Issue:
In the yarn logs (depending on the cluster mode used), you see the following log for the job:
ERROR spark.SparkContext: Error initializing SparkContext.
org.apache.spark.SparkException: Exception when registering SparkListener
at org.apache.spark.SparkContext.setupAndStartListenerBus(SparkContext.scala:2364)
at org.apache.spark.SparkContext.<init>(SparkContext.scala:553)
at org.apache.spark.SparkContext$.getOrCreate(SparkContext.scala:2486)
at org.apache.spark.sql.SparkSession$Builder$$anonfun$7.apply(SparkSession.scala:930)
at org.apache.spark.sql.SparkSession$Builder$$anonfun$7.apply(SparkSession.scala:921)
at scala.Option.getOrElse(Option.scala:121)
at org.apache.spark.sql.SparkSession$Builder.getOrCreate(SparkSession.scala:921)
at com.streamsets.transformer.BootstrapSparkMain.main(BootstrapSparkMain.java:117)
at sun.reflect.NativeMethodAccessorImpl.invoke0(Native Method)
at sun.reflect.NativeMethodAccessorImpl.invoke(NativeMethodAccessorImpl.java:62)
at sun.reflect.DelegatingMethodAccessorImpl.invoke(DelegatingMethodAccessorImpl.java:43)
at java.lang.reflect.Method.invoke(Method.java:498)
at org.apache.spark.deploy.yarn.ApplicationMaster$$anon$2.run(ApplicationMaster.scala:688)
Caused by: java.io.FileNotFoundException: Lineage directory /var/log/spark2/lineage doesn't exist or is not writable.
at com.cloudera.spark.lineage.LineageWriter$.checkLineageConfig(LineageWriter.scala:158)
at com.cloudera.spark.lineage.NavigatorAppListener.<init>(ClouderaNavigatorListener.scala:30)
at sun.reflect.NativeConstructorAccessorImpl.newInstance0(Native Method)
at sun.reflect.NativeConstructorAccessorImpl.newInstance(NativeConstructorAccessorImpl.java:62)
at sun.reflect.DelegatingConstructorAccessorImpl.newInstance(DelegatingConstructorAccessorImpl.java:45)
at java.lang.reflect.Constructor.newInstance(Constructor.java:423)

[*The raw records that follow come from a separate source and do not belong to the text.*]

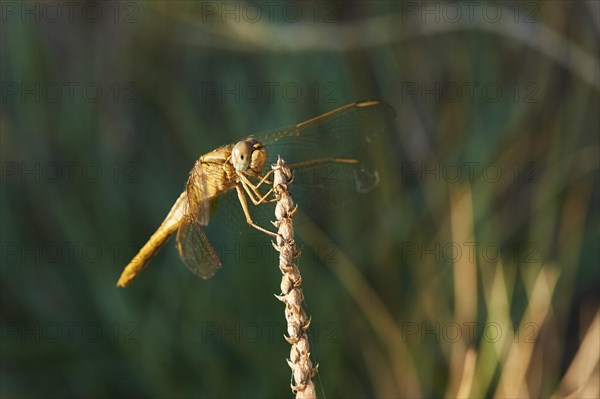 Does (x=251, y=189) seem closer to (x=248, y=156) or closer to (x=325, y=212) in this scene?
(x=248, y=156)

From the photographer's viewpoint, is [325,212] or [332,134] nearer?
[332,134]

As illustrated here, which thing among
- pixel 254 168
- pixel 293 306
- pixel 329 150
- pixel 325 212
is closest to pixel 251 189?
pixel 254 168

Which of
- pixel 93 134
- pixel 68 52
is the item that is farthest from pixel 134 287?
pixel 68 52

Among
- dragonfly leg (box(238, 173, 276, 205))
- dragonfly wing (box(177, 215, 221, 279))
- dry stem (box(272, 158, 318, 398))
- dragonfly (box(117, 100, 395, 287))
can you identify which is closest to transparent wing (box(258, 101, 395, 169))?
dragonfly (box(117, 100, 395, 287))

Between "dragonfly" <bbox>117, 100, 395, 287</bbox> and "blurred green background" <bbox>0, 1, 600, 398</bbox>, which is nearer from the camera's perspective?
"dragonfly" <bbox>117, 100, 395, 287</bbox>

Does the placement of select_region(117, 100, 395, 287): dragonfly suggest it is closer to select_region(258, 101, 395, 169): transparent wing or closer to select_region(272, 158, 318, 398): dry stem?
select_region(258, 101, 395, 169): transparent wing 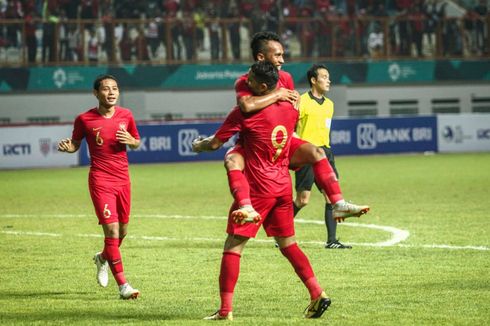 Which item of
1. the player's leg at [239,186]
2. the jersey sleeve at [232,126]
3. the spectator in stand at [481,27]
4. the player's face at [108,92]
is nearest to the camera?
the player's leg at [239,186]

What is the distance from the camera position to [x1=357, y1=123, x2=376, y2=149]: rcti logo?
39.0 m

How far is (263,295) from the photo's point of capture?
10.3 metres

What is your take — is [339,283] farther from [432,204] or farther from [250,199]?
[432,204]

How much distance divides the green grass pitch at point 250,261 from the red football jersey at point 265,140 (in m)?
1.06

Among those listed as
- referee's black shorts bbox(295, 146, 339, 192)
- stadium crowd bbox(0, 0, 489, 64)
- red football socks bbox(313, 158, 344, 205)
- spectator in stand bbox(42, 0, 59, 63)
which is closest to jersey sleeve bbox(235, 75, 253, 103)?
red football socks bbox(313, 158, 344, 205)

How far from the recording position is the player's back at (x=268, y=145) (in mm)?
8703

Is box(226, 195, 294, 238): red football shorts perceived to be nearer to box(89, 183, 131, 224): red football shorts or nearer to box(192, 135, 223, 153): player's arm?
box(192, 135, 223, 153): player's arm

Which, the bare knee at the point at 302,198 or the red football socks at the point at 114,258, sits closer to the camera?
the red football socks at the point at 114,258

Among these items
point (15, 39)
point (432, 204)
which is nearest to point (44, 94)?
point (15, 39)

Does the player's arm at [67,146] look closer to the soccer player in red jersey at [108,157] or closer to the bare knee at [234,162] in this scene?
the soccer player in red jersey at [108,157]

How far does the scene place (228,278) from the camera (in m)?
8.72

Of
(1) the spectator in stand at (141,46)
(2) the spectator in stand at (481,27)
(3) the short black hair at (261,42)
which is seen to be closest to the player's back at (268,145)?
(3) the short black hair at (261,42)

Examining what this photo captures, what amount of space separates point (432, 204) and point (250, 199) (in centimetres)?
1229

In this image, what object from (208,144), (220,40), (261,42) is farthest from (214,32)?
(208,144) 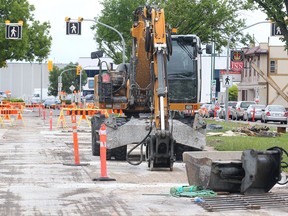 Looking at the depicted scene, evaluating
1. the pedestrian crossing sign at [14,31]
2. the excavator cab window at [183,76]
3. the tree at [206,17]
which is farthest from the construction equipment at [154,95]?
the tree at [206,17]

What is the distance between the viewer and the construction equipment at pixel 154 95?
56.4 ft

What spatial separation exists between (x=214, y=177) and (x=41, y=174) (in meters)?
4.81

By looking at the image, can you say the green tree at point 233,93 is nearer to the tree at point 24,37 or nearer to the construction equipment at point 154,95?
the tree at point 24,37

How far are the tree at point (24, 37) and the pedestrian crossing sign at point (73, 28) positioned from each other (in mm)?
18209

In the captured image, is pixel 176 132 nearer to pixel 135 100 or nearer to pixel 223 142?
pixel 135 100

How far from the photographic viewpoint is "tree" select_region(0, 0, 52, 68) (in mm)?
62531

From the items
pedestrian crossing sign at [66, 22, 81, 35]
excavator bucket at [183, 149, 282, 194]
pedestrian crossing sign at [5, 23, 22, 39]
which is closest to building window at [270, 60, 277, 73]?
pedestrian crossing sign at [5, 23, 22, 39]

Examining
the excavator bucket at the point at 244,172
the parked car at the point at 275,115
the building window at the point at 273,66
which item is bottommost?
the parked car at the point at 275,115

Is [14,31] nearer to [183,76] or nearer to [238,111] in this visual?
[238,111]

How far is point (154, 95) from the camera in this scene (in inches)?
697

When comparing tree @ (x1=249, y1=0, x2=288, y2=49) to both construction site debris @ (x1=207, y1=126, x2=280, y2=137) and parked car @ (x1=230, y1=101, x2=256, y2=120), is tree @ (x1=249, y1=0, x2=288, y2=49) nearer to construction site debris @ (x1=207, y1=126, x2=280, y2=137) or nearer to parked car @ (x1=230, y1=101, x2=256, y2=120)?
construction site debris @ (x1=207, y1=126, x2=280, y2=137)

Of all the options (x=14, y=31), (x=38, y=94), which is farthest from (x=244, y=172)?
(x=38, y=94)

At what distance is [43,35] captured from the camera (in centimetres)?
6550

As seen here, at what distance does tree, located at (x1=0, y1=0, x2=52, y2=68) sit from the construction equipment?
41.3m
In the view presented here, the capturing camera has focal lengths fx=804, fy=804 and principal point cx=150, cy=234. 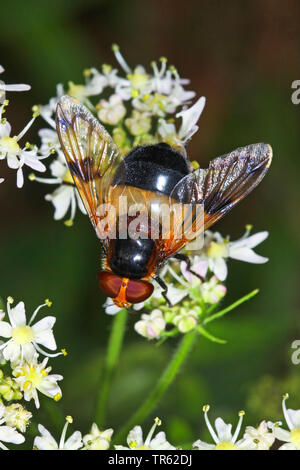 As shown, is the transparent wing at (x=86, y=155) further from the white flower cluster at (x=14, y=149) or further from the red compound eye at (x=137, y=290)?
A: the red compound eye at (x=137, y=290)

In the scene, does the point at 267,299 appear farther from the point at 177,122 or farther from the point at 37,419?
the point at 37,419

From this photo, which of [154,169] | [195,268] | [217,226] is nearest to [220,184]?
[154,169]

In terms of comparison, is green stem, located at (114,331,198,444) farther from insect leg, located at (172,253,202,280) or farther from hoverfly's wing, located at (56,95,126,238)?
Answer: hoverfly's wing, located at (56,95,126,238)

at org.apache.spark.util.Utils$$anonfun$loadExtensions$1.apply(Utils.scala:2740)
at org.apache.spark.util.Utils$$anonfun$loadExtensions$1.apply(Utils.scala:2732)
at scala.collection.TraversableLike$$anonfun$flatMap$1.apply(TraversableLike.scala:241)
at scala.collection.TraversableLike$$anonfun$flatMap$1.apply(TraversableLike.scala:241)
at scala.collection.mutable.ArraySeq.foreach(ArraySeq.scala:74)
at scala.collection.TraversableLike$class.flatMap(TraversableLike.scala:241)
at scala.collection.AbstractTraversable.flatMap(Traversable.scala:104)
at org.apache.spark.util.Utils$.loadExtensions(Utils.scala:2732)
at org.apache.spark.SparkContext$$anonfun$setupAndStartListenerBus$1.apply(SparkContext.scala:2353)
at org.apache.spark.SparkContext$$anonfun$setupAndStartListenerBus$1.apply(SparkContext.scala:2352)
at scala.Option.foreach(Option.scala:257)
at org.apache.spark.SparkContext.setupAndStartListenerBus(SparkContext.scala:2352)
... 12 more
Versions affected:
< CDH 6.X
Solution:
- Create the lineage directory on cluster nodes. On all cluster nodes execute:
$mkdir -p /var/log/spark2/lineage
$chmod -R 777 /var/log/spark2
- Restart the pipeline (no cluster restart required).